En Chile, iniciativas como las de Fundación Chile y Educarchile están demostrando que es posible. En la región de La Araucanía, un programa piloto que combina la sabiduría mapuche con técnicas modernas de inteligencia emocional ha reducido la deserción escolar en un 30%. "Los niños recuperan el sentido de pertenencia", explica una facilitadora del programa. "Cuando un estudiante se siente visto y escuchado, su capacidad de aprendizaje se multiplica".

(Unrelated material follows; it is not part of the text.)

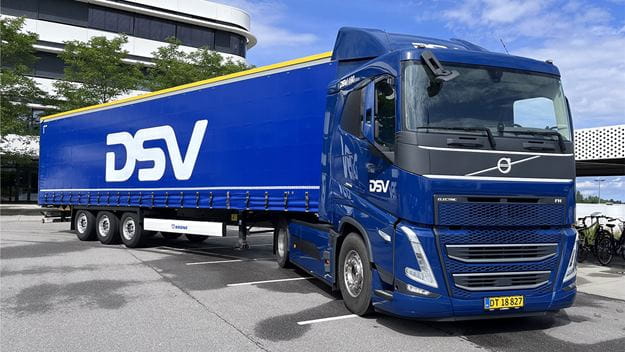 dsv transport and logistics Volvo FH battery electric trucks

Pero los desafíos persisten. La sobrecarga laboral de los docentes, la falta de recursos y la presión por cumplir con los indicadores tradicionales dificultan la implementación sistemática de estos programas. Muchos profesores, como Carlos Méndez de Valparaíso, desarrollan estrategias por su cuenta. "Uso el teatro, la música y hasta los memes para trabajar las emociones", cuenta. "No está en el currículum, pero es lo más importante que enseño".

Las universidades chilenas comienzan a tomar nota. Programas de formación docente están incorporando asignaturas de educación emocional, mientras investigaciones locales demuestran su impacto positivo. Un estudio de la Universidad de Chile encontró que los estudiantes que participan en programas de inteligencia emocional mejoran su rendimiento en matemáticas y lenguaje en un 15%.

Los padres también tienen un rol crucial. Plataformas como Elige Educar ofrecen recursos para que las familias puedan continuar este trabajo en casa. "La educación emocional no es responsabilidad exclusiva de la escuela", señala una psicóloga educacional. "Es un puente que debemos construir entre la casa y el aula".

Mientras el debate sobre la calidad educativa se centra en pruebas estandarizadas y contenidos curriculares, surge la pregunta inevitable: ¿estamos midiendo lo que realmente importa? Los empleadores del siglo XXI buscan personas resilientes, creativas y con capacidad de trabajo en equipo. Habilidades que, curiosamente, se cultivan mejor en un ambiente emocionalmente seguro que memorizando fórmulas.

El camino por recorrer es largo, pero las semillas ya están plantadas. En escuelas desde Arica a Punta Arenas, educadores comprometidos están demostrando que la verdadera revolución educativa podría no estar en los libros de texto, sino en la capacidad de conectar con el corazón de quienes aprenden.